リピート率をアップさせるためには、新規カルテの作り方がポイントです。美容室としてカルテを有効活用するためには、どんな内容を書くべきなのか説明していきます。
お客様の個人情報
カルテの核となる情報は、名前、生年月日、住所、連絡先など、お客様の個人情報です。基本的に、美容院が個人情報を使って何かをするということはありませんが、お店によってはDMの送付やイベントのお知らせ、お店側の都合でイレギュラーな事態が発生したなどで急遽連絡をする必要がある場合に電話をすることがあります。また、カルテに記載の年齢層やお住まいの地域などから、大体のお客様の好みの傾向などを把握するために参考にすることもあります。
施術内容
来店日や来店時間、施術内容とその結果について、次のようなことを毎回詳しく記載していきます。
- どんなスタイルにしたかったか
- 将来はどんなスタイルを目指しているのか
- その日のカットはどうしたか
- 薬剤は何を使ったか
- どのくらい時間をおき、結果はどうだったか
お客様が来店される前に、前回までの施術内容を確認しておけば、髪の伸び具合やダメージの状態などをだいたい予想することができます。また、何度も同じことを質問してお客様を不快にさせてしまうこともありません。
髪質や体質
パーマやカラーをする場合には、一人ひとりの髪質によって薬液の調合を変えていく必要があります。また、ダメージレベルや仕上がりの好みよっても、薬剤やトリートメント、保湿剤などの組み合わせを考える必要があるので、髪質は重要な情報となります。

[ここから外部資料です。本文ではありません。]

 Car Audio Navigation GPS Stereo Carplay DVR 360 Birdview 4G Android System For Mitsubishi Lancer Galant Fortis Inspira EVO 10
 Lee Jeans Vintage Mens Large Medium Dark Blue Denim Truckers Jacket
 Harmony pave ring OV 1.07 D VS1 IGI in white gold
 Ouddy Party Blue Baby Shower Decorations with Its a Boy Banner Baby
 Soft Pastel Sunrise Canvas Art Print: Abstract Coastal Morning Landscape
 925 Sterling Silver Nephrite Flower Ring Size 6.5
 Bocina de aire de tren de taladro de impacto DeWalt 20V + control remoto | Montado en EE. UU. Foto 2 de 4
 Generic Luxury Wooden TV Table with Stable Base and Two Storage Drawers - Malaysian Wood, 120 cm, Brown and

髪質と同時に把握しておきたいのがアレルギーの有無です。薬剤やゴム手袋、ヘアピンなど金属でアレルギーを引き起こす可能性もあるため、未然に防ぐ対策をとるためにも、記載しておきましょう。
良いカルテを作成するための5つのポイント

カルテに記載すべき項目はなんとなく分かったとしても、書き方によって活用しやすいカルテにもなれば、そうではないこともあります。ここからは、良いカルテを作成するためのポイントを5つあげて説明します。
お客様の情報を全て書く
カルテを作成する目的の中には、お客様の希望するヘアスタイルに近づけるためと、美容室で心地よく過ごしていただける接客ができるようにというものがあります。そのために必要な情報は、すべて書き込みます。

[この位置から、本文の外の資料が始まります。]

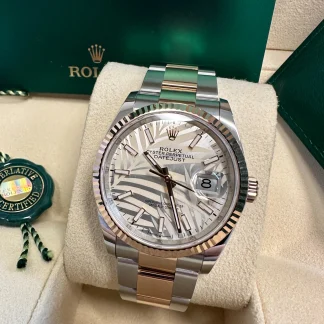 【Super Clone】RLX  Datejust 36mm 126231 Silver Palm Motif Dial Oyster Bracelet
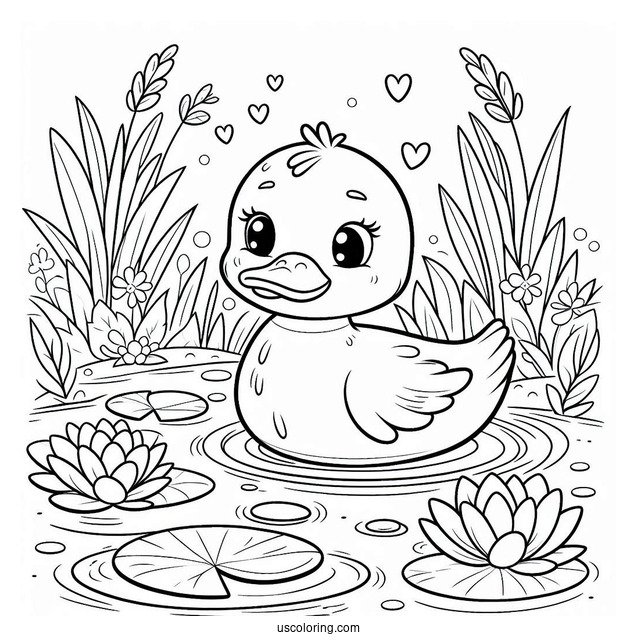 Peaceful Duck on Lily Pad in Pond Coloring Sheet For Preschoolers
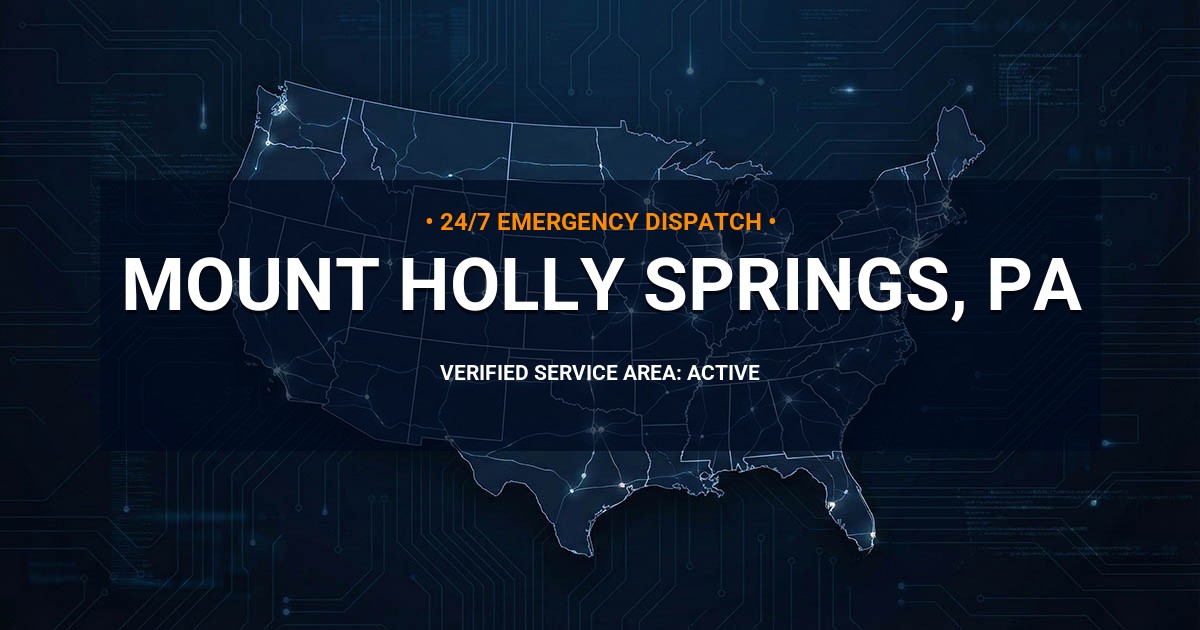 Emergency Plumbing Dispatch Map for Plumbing Services: Mount Holly Springs, PA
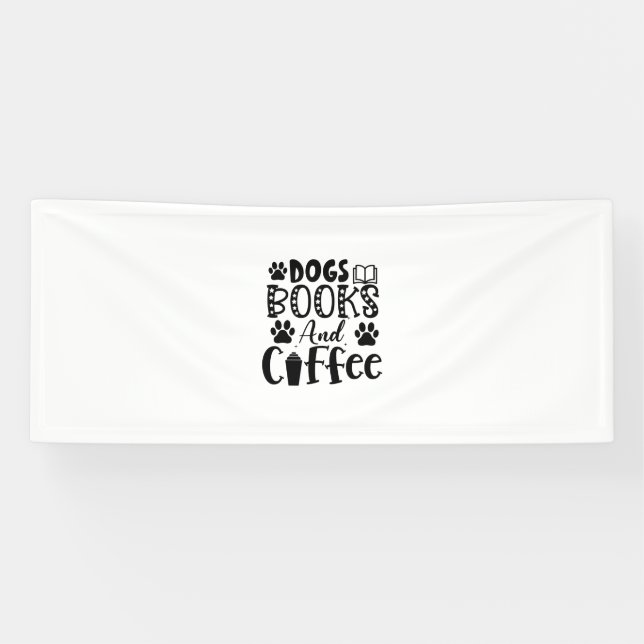 Lesen von Hunden und Büchern und Kaffee Banner (Horizontal)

お客様の個人情報やアレルギーの有無などはもちろん、接客中に気になった点や会話した内容なども情報化しておき、接客に活用してお客様の満足度を高めていきましょう。たとえば、趣味や好きなファッション、性格なども提案内容に影響します。また、ちょっとした会話であっても、次回来店時に「この間お話されていた〇〇には行かれたんですか?」というように話しかけられれば、「覚えていてくれた」と悪い気はしないものです。
カウンセリングの内容も書く
カルテを元にカウンセリングで確認した内容を記載します。カウンセリングで分かる次のようなことは、全て記載するようにします。

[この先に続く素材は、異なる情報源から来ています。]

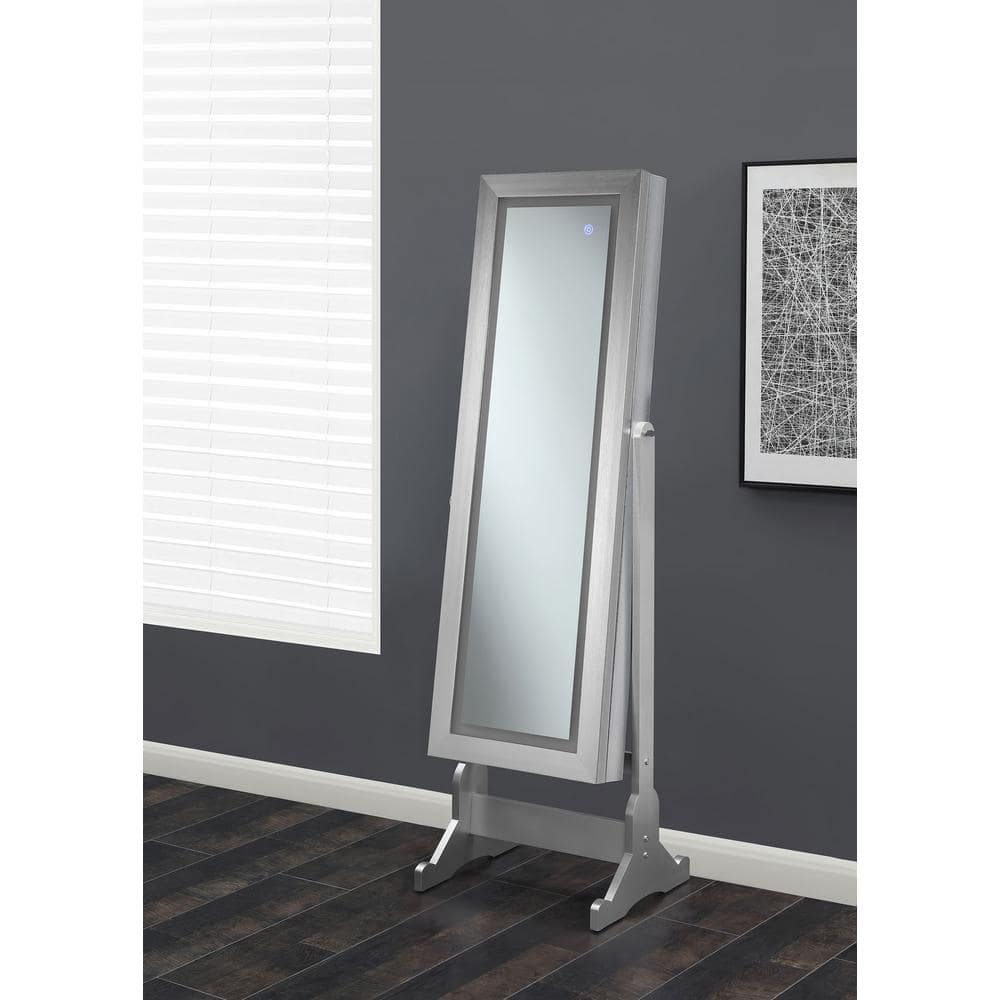 Contemporary Full-Length Freestanding Silver Wood Mirror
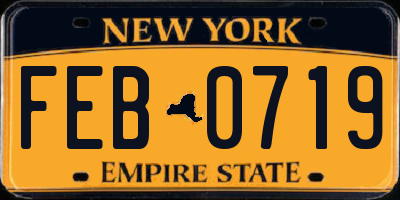 NY license plate FEB0719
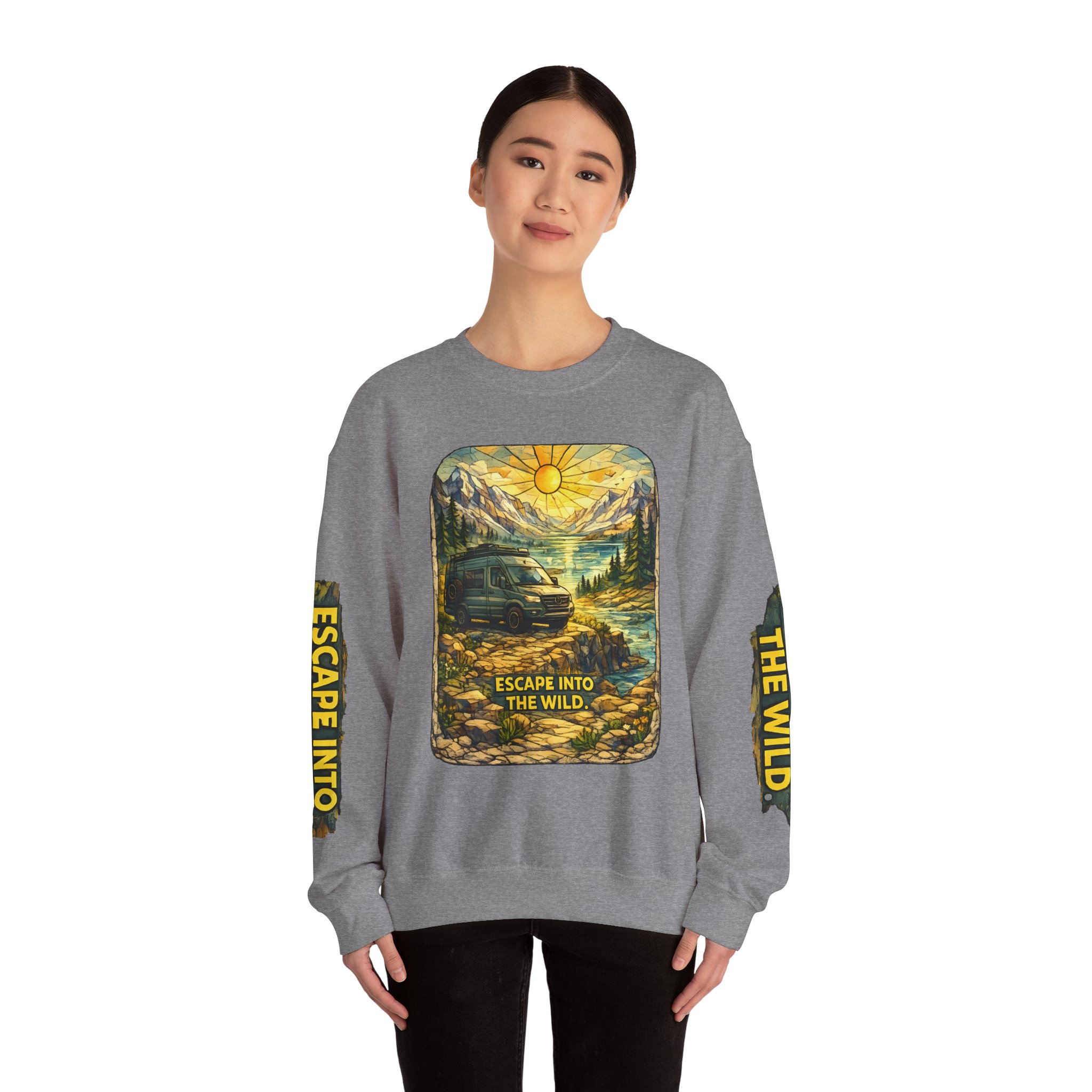 Unisex Heavy Blend™ Crewneck Sweatshirt — "Escape Into The Wild" Design Cubic-Line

- 髪の悩み…髪質、髪のダメージ、スタイリングやアレンジ方法など
- 希望するヘアスタイル…手入れが簡単、自分でも再現しやすい、有名人のような髪型、若々しくなりたいなど
- してほしくないことやしたくないスタイル…髪を傷めるカラーやパーマはいや、毛先を軽くしすぎないで、短くしたくないなど
- ライフスタイルや悩み…子供がいるのでヘアケアの時間がない、職業柄カラーはNG、普段はまとめ髪のことが多い、スポーツが好きなど
- 美容師の立場から提案したいこと…デザインや施術方法、ケア方法など
とても多くの情報が得られるカウンセリングですが、進め方によってはお客様も回答しにくいことがあります。たとえば、いきなり「髪の悩みはなんですか?」と聞かれてもうまく回答できないかもしれません。
そこで、カルテの記入用紙にアンケートを設け、回答を選択してもらうようにしておきます。これを元にカウンセリングすれば、お客様とも話がしやすくなり、希望や悩みを把握しやすくなります。
施術内容を詳しく記載する
施術内容をカルテに記載しておくことは基本です。デザインや部位ごとにどうカットしたのか、使用した薬剤や調合の仕方、薬剤を塗布してからおいた時間、施術中に悩んだことや反省点、将来的なデザインの計画などを記載しておきます。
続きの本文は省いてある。